Property-based testing is a well-known testing approach where random input generation is combined with checking correctness properties expressed as predicate functions. The goal of property-based testing is to use large amounts of these randomly generated inputs as a proxy for asserting that the property is always true, also known as an invariant of the program. That’s the main difference from example-based testing: examples check the expected result of a single program execution, whereas properties are statements about all program executions.
No matter how many inputs we generate, though, anything short of exhaustive testing or proof leaves room for errors. This begs the question: are there other data generation strategies that we can use to check the same correctness properties that we’d use when property-based testing? A property predicate doesn’t care how the input data was generated, so we can decouple how data is produced from the actual property checking.
Enter the category-partition method, a testing technique that’s existed since the 1980s. It’s a hybrid human/automated approach for creating domain-driven test data.
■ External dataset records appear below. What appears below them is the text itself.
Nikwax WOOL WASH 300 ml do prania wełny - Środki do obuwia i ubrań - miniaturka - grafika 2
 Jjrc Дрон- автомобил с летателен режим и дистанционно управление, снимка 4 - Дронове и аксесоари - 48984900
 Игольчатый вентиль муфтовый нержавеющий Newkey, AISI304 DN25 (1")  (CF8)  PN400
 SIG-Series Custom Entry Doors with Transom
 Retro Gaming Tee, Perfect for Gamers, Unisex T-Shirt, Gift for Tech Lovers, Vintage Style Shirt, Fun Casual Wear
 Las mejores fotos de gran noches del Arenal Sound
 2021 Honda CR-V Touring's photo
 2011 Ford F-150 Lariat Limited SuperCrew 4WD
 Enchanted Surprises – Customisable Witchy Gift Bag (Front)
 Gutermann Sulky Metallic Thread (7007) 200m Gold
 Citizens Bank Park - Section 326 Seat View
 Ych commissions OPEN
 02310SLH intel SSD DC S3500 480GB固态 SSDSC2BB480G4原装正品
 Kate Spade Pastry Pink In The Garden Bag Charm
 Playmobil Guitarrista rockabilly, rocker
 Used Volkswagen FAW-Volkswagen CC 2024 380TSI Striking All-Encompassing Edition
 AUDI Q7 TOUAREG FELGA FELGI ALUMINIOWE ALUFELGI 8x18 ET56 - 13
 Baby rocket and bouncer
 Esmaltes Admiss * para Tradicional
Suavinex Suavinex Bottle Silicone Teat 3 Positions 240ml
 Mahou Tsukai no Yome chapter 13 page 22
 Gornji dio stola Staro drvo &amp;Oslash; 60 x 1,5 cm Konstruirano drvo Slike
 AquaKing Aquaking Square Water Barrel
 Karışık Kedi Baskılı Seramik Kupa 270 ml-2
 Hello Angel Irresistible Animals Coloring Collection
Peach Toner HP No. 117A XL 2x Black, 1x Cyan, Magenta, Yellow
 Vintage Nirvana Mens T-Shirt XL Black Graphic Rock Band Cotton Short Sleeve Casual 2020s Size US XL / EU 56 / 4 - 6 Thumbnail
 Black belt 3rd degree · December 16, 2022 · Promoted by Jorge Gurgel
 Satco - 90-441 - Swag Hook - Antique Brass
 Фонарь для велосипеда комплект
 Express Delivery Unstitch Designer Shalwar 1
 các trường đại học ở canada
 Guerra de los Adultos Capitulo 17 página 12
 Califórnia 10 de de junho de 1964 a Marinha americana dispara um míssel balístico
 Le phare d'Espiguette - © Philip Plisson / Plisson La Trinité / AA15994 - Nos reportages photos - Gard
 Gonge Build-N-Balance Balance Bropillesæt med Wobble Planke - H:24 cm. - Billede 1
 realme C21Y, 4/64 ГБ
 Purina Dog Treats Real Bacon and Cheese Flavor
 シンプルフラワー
One of the biggest “downsides” to it is that it can produce lots of test cases, which often makes it prohibitively expensive for manual and example-based testing. But when testing for properties, lots of test cases is a good thing. So is the mashup of category-partition-created-inputs and property-based-testing-properties a hyphen-laden match made in heaven?
A Brief Overview of the Category-Partition Method
The category-partition method starts with decomposing the full input domain of an operation into “categories,” which basically are groups of
related inputs. Let’s think about the viewScheduledTransactions operation from the previous post about model-based testing a personal budgeting application. In that application, we can add our recurring bills and give them recurrence rules like “due every 2 weeks” or “due every month on the 8th.” Once we do that, we can view their occurrences in a given time range. For example if we take a bill that’s due every month on the 8th, in the range between 8/1/2022 and 10/31/2022 it would occur on 8/8, 9/8, and 10/8. Similar to recurring calendar events.
So the type signature of viewScheduledTransactions is:
const viewScheduledTransactions: (
startDate: Date,
endDate: Date,
recurringTransactions: RecurringTransaction[]
) => ScheduledTransaction[];
An example category of this operation would be: “duration of the start and end date range.” The key is, we came up with this category based on domain knowledge, which is that Dates are notoriously complex and we likely want to try out many different ranges to account for crossing daylight savings boundaries for example. The category then consists of different choices related to that concept, such as “spanning 2 months” or “spanning 11 months.” This is why it’s called the category-partition method: first we identify categories of input data, and then we partition that category into multiple different choices. Each choice refers to a group of related inputs, because there are many date ranges that are 2 months apart.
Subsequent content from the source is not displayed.